2. Bekerjasama dengan perusahaan remittance yang terdaftar di luar negeri. Contoh misalnya bekerjasama dengan perusahaan remittance yang ada di singapura, malaysia atau hongkong.

3. Menciptakan jaringan pengiriman sendiri dengan kantor cabang yang ada di domestik

4. Bekerjasama dengan beberapa Bank untuk proses settlement pengiriman uang tersebut

Pola dan mekanisme pengiriman tersebut memang tidak terbatas, masih banyak pola-pola lain yang bisa menjadi metode pengiriman uang. Yang penting adalah ketika pemohon ingin mengajukan izin terlebih dahulu konsep dan ide yang dipilih sudah jelas dan mantap.

Kenapa harus begitu?

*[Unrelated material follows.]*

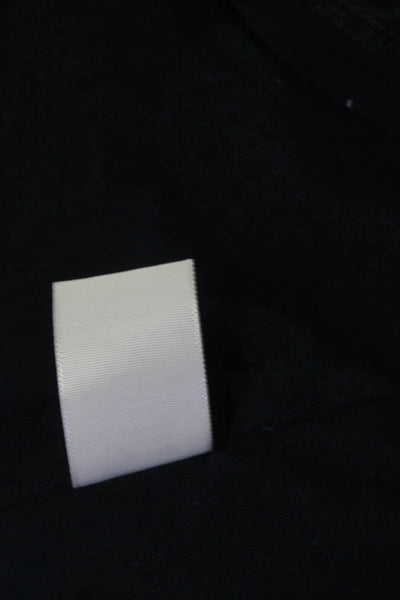Tart Women's Sleeveless V Neck Striped Midi Dress Navy White Size XS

Karena setiap pemohon ketika mengajukan permohonan diminta untuk melengkapi dokumen-dokumen operasional seperti :
1. Mekanisme pengiriman uang
2. Mekanisme monitoring pengiriman uang
3. Mekanisme penyelesaian pengiriman uang jika terjadi masalah
4. Kesiapan sarana dan prasarana untuk melakukan pengiriman uang termasuk SDM, dan tempat usaha.

Dengan demikian, ingin saja tidak cukup untuk menjadi pelaku usaha KUPU. Menjadi pengusaha KUPU itu memiliki karakteristik risiko yang lebih rumit, mengingat ada uang masyarakat yang mereka terima. Persiapkan dan definisikan dengan baik, bagaimana model KUPU yang akan dipilih lalu jabarkan dengan jelas dan terang prosedur dan mekanisme pengiriman uang tersebut. Dengan demikian terdapat transparansi dalam produk yang ditawarkan oleh pelaku KUPU.